The ethical case for nonviolence is simple, but worth repeating: Human lives have intrinsic value. Yes, even if those human beings work willingly for a corrupt and evil system. Yes, even the average Nazi was a sentient being of intrinsic moral worth.

The only people who really deserve to die are the psychopaths at the top pulling the strings—and they are almost never the ones on the front lines getting shot or bombed. If you had a plan to kill Donald Trump, I would have no particular moral objection. I think such a plan would be very unlikely to succeed, and I would never attempt such a thing myself; but does Donald Trump deserve to die for his brazen authoritarianism, overwhelming corruption, and depraved indifference for over 160,000 dead Americans? Yes. But how does that justify killing random police officers?

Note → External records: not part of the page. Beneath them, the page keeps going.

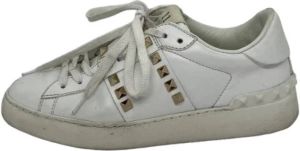 Valentino Vintage Pre-owned Leather sneakers Wit Dames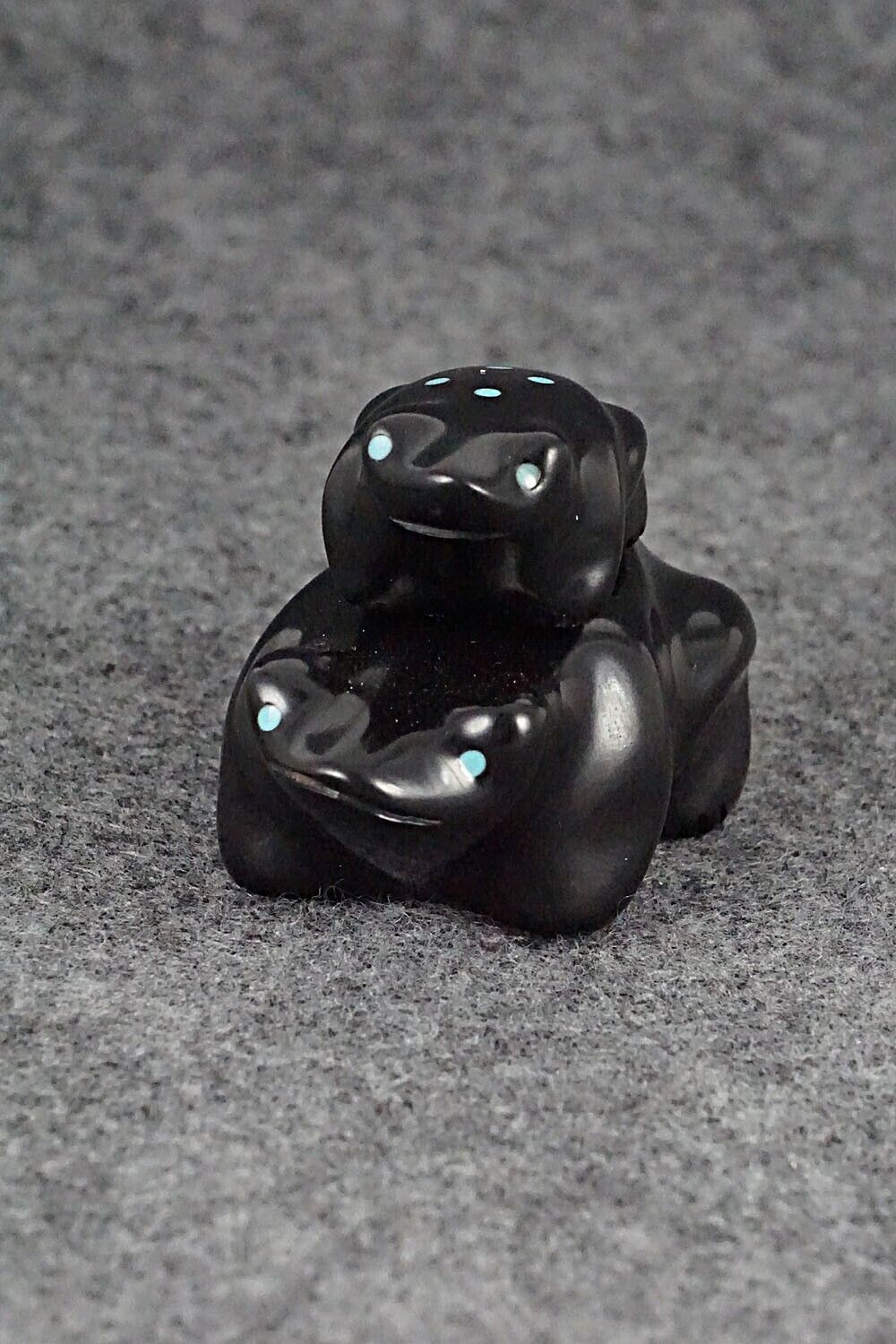 Frogs Zuni Fetish Carving - Herbert Halate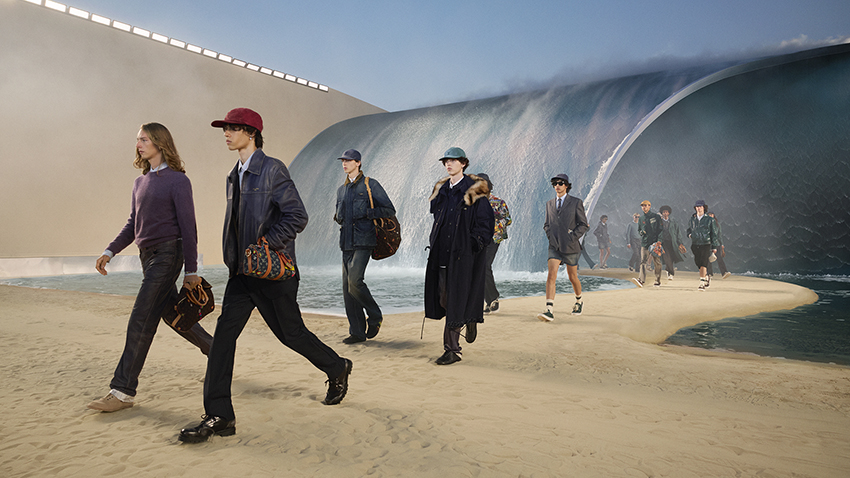 ภาพรันเวย์ Louis Vuitton Men’s Spring/Summer 2027 ที่ออกแบบเป็นคลื่นยักษ์กลางหาดทราย 2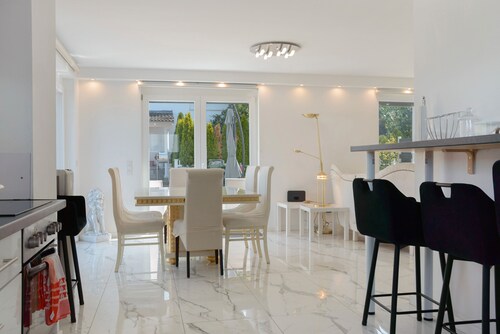 Luxusvilla Neubau mit Garten, Terrasse, Klimaanlage und WLAN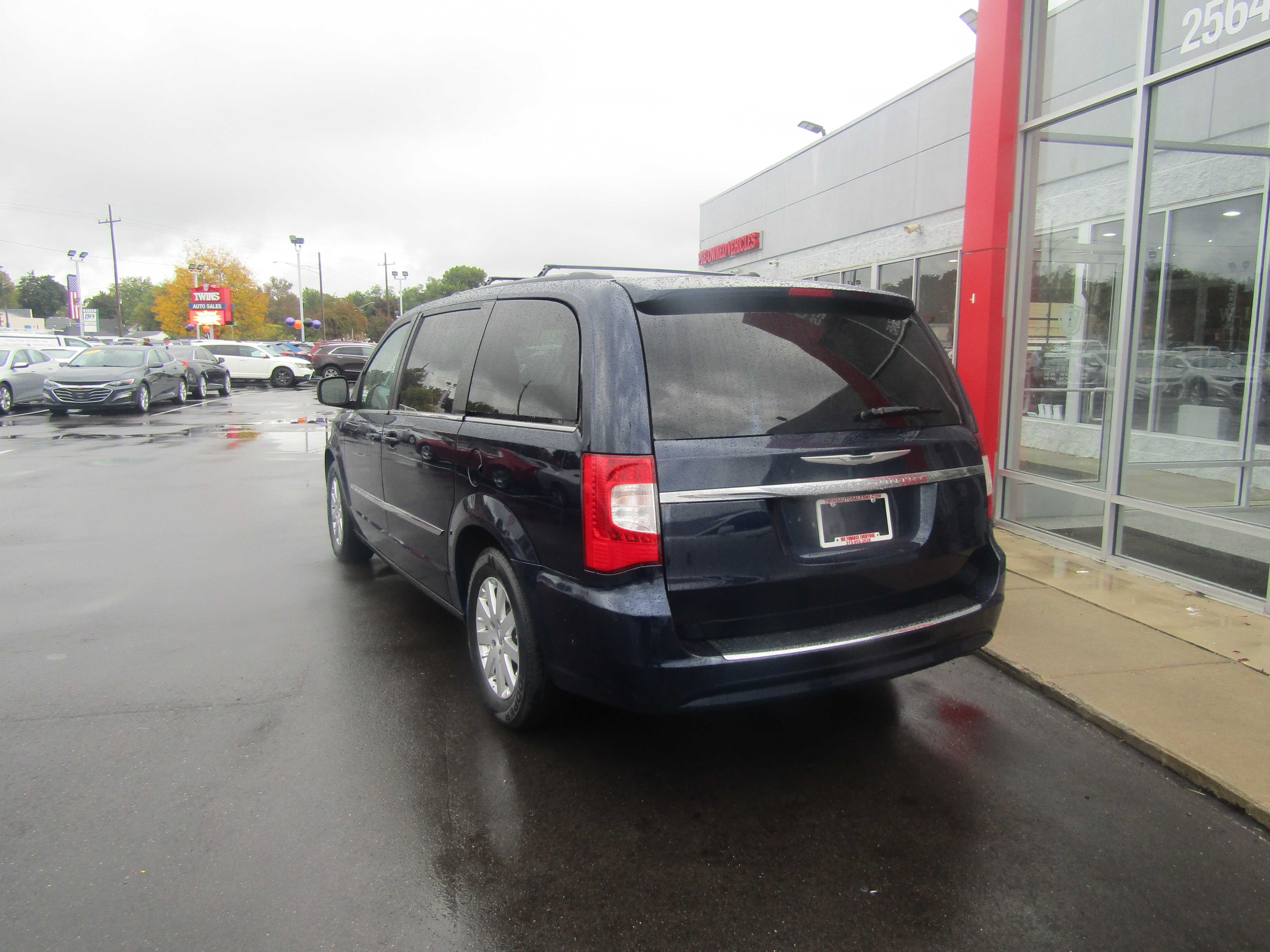 BLUE, 2016 CHRYSLER TOWN & COUNTRY Thumnail Image 3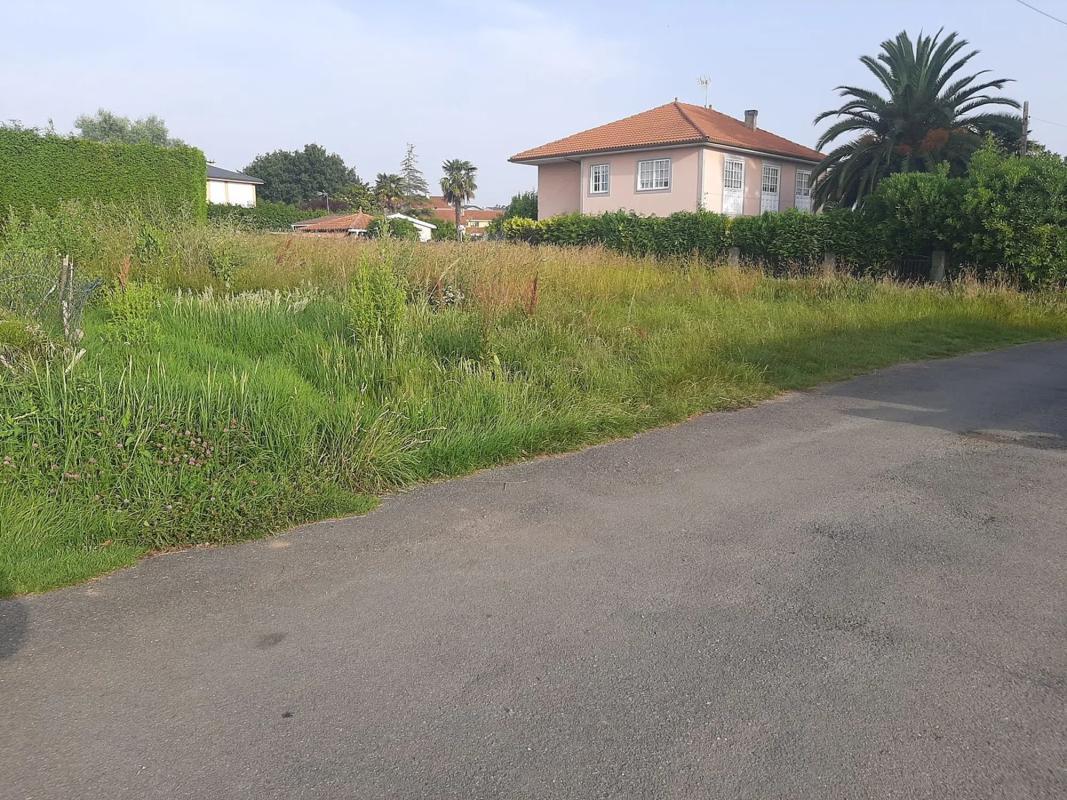 Terreno en venta en Oleiros, A Coruña photo 4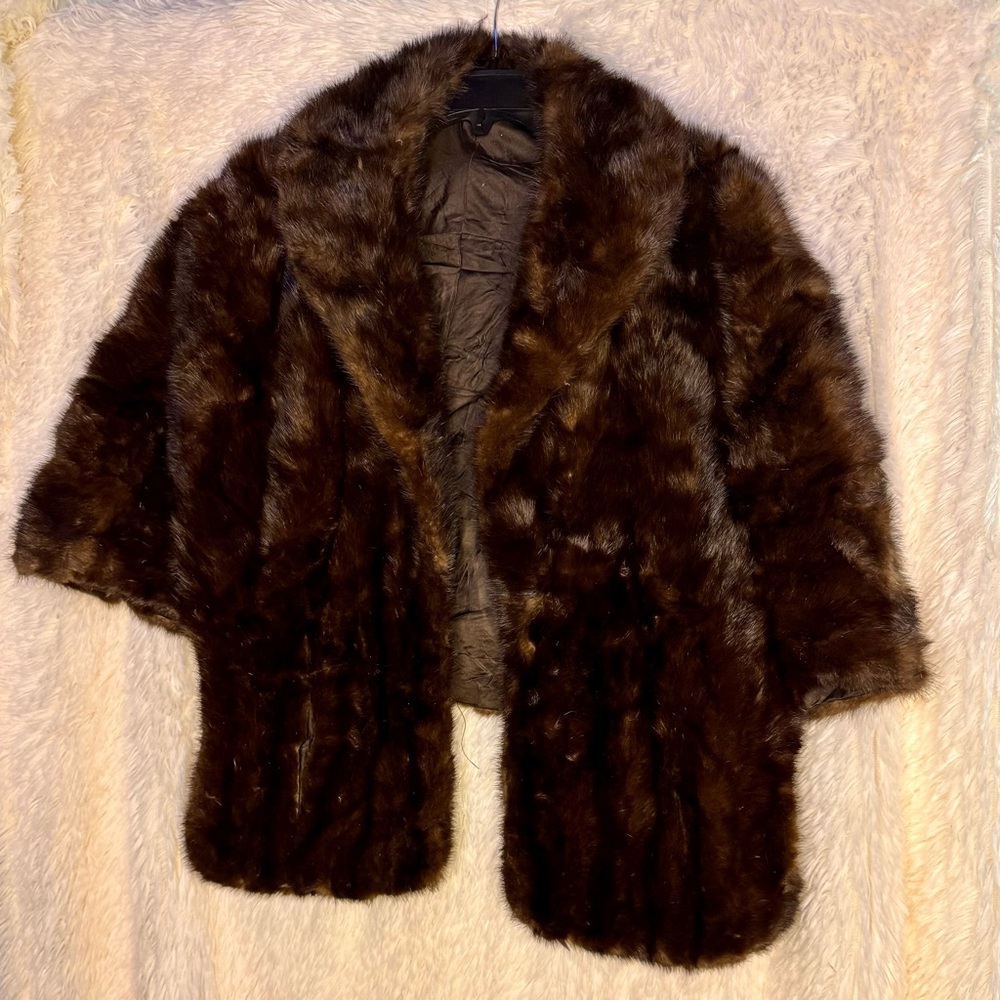 Vintage Genuine Mink Fur Cape / Stole – Free Size | Classic Draped Silhouette - Picture 2 of 5
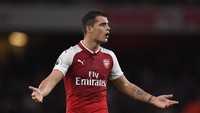 Granit Xhaka masih perlu membuktian meski mampu mencetak 7 assist di liga musim lalu. Gelandang Swiss itu dibeli Arsenal senilai 35 juta pound pada 2016 tapi sering kali bertindak ceroboh sehingga wasit pun tak segan mengeluarkan kartu merah. (Foto: Shaun Botterill/Getty Images)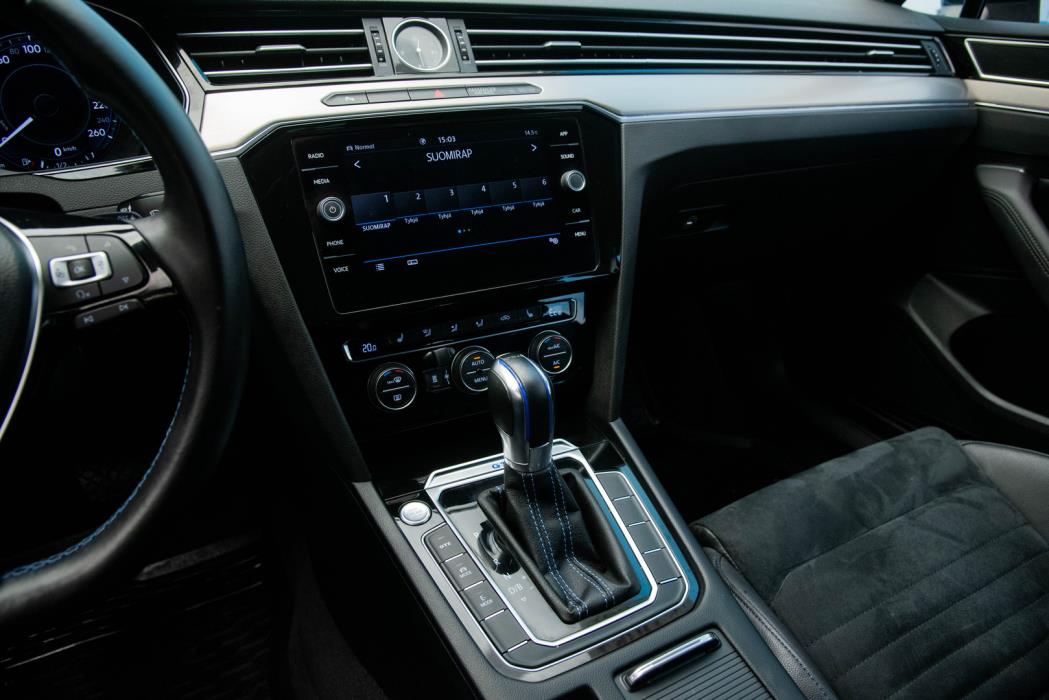 VOLKSWAGEN PASSAT 2018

Nonviolence also has another great advantage, which is that it works better when you are on the right side. The effectiveness of violence is proportional to your firepower; the effectiveness of nonviolence is proportional to your righteousness. Why in the world would you, who are righteous but have little firepower, want to use violence against an enemy that is unrighteous and has more firepower?

Nonviolent protest actually works best when your enemy is violent and repressive; it is precisely that contrast between your nonviolence and their violence that wins people to your cause. Probably the smartest thing a government could do to respond to nonviolent protests would be to sit back and calmly watch them, then make whatever was the minimal level of concessions in order to make the protests lose momentum. When you bring out the tear gas, you have basically already admitted that you are on the wrong side of history. But repressive governments don’t think that way; if they did, they would have given those same concessions before the protests even gathered steam. They imagine that by simply cracking down harder they will be able to win—but they are usually wrong.

And even if the ethical case for nonviolence means literally nothing to you, please consider the strategic case: The empirical data says quite clearly that nonviolent protest works better. In many ways, violence is the default; it’s the conflict revolution mechanism that we evolved to use, largely unmodified from the same instincts that motivate any other primate. Nonviolence is a recent invention, a high-tech solution to this ancient problem. Violence is easy; just about anyone can do it. Nonviolence is hard; it requires strategic cleverness, unwavering vigilance, and deep moral courage.

This is not to say that violence is never necessary: Against a truly totalitarian regime that is willing to murder people simply for speaking out against the government, violence may well be the only option. I certainly do not begrudge the French Resistance for using violence against the Nazis. But violence should be a last resort, not simply for ethical reasons—but also for strategic reasons.